US Treasury Secretary Defends Debt Deal

U.S. Treasury Secretary Timothy Geithner is defending the compromise deal to cut spending and raise the country's borrowing limit, saying it gives government officials a chance to fix a broken system.

Writing in Wednesday's Washington Post, Geithner says the last-minute debt deal signed Tuesday takes away the threat of a default, which could cause interest rates to rise and force consumers to pay more for credit cards and other needed loans.  

He says the deal will allow the government to make investments in education, technology and infrastructure that could help the economy grow.

The agreement also has some prominent critics.
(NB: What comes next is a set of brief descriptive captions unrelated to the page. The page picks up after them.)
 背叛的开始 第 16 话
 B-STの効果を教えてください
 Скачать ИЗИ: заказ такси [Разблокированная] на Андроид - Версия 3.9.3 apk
The chief executive of one of the world's biggest investment firms said Wednesday the deal "darkens an already fragile outlook" for the U.S. economy.  Writing in the Financial Times, Pimco's Mohamed El-Erian warns the deal does little to reduce the country's actual deficits and postpones decisions on key issues.

The major credit rating agencies are also being cautious.

Moody's Investor Services said late Tuesday it will maintain the United States government's top AAA rating, but warns the outlook for the country is negative.  Fitch Ratings said the risk of the U.S. defaulting on its debts remains extremely low but added it wants to see a credible plan to further reduce the U.S. budget deficit.

The debt deal signed Tuesday by President Barack Obama allows the government to continue borrowing money through 2012 in exchange for spending cuts of almost $1 trillion over the next 10 years.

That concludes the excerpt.